-- WHAT YOU WILL DO --
Without the pictures, write the listing out again exactly as it appears.

-- DATA FOR REVIEW --
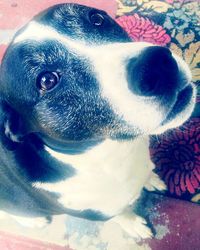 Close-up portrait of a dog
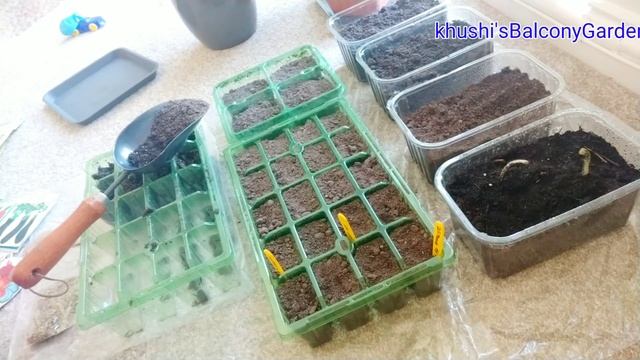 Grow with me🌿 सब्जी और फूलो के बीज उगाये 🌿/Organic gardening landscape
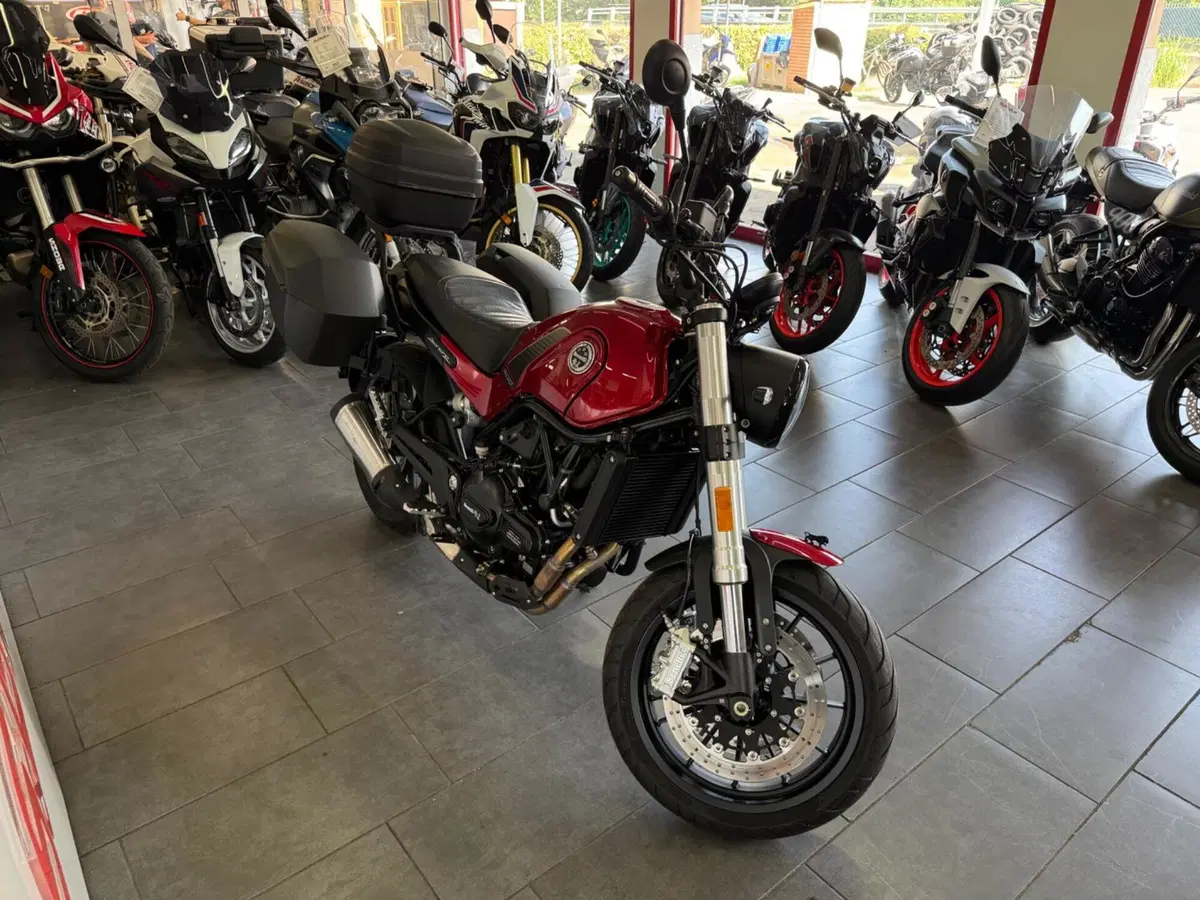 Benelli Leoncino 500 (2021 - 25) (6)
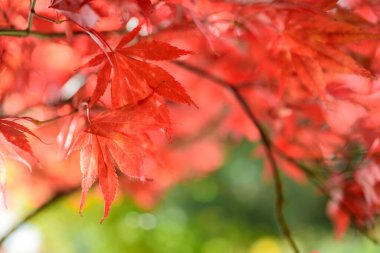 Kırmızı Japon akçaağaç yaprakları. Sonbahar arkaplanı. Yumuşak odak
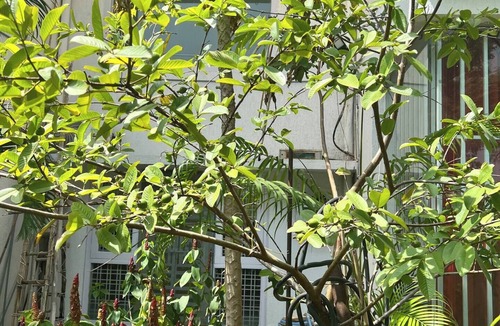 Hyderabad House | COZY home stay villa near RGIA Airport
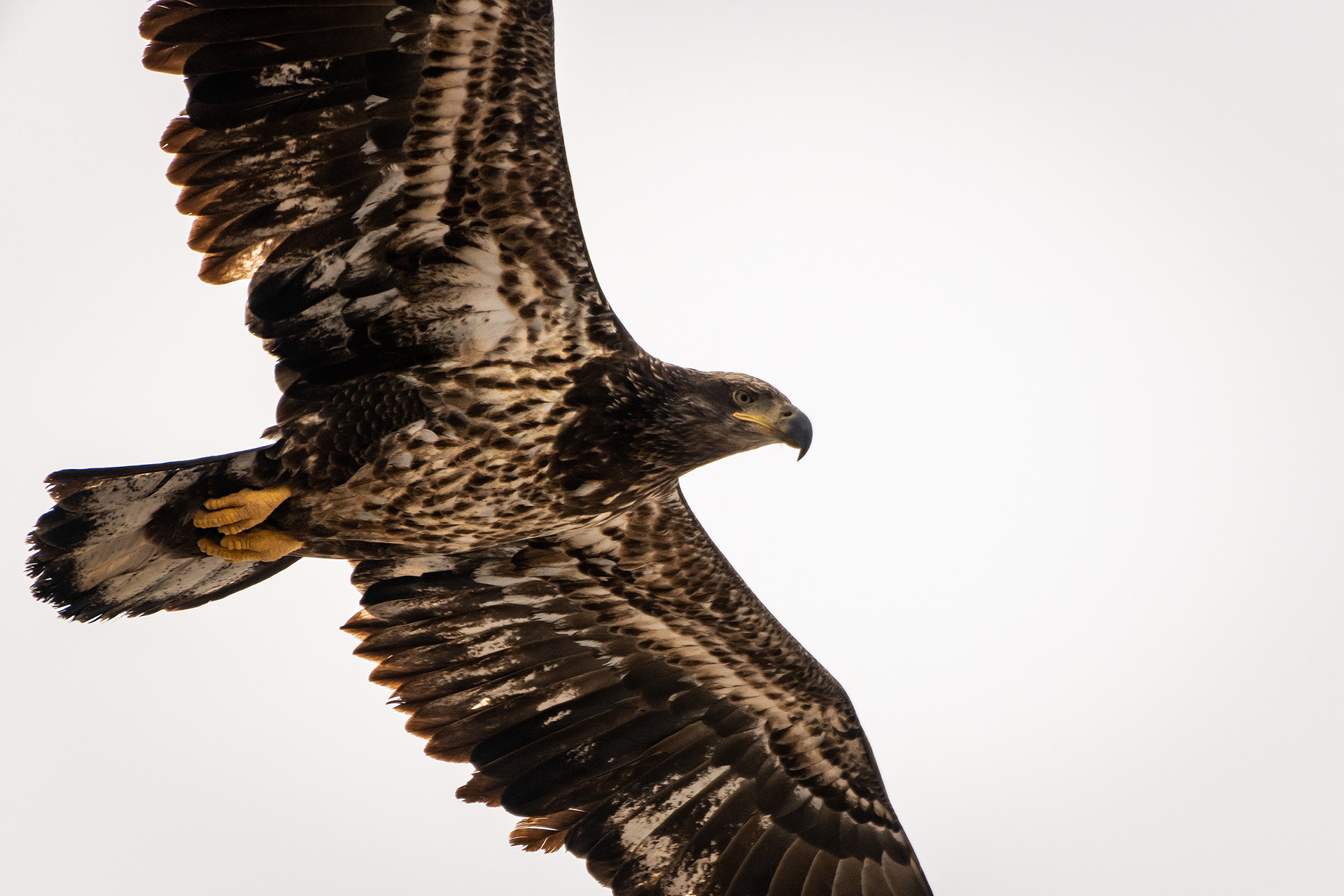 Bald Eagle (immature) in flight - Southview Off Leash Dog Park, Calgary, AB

-- FINISHED EXERCISE --
 Close-up portrait of a dog
 Grow with me🌿 सब्जी और फूलो के बीज उगाये 🌿/Organic gardening landscape
 Benelli Leoncino 500 (2021 - 25) (6)
 Kırmızı Japon akçaağaç yaprakları. Sonbahar arkaplanı. Yumuşak odak
 Hyderabad House | COZY home stay villa near RGIA Airport
 Bald Eagle (immature) in flight - Southview Off Leash Dog Park, Calgary, AB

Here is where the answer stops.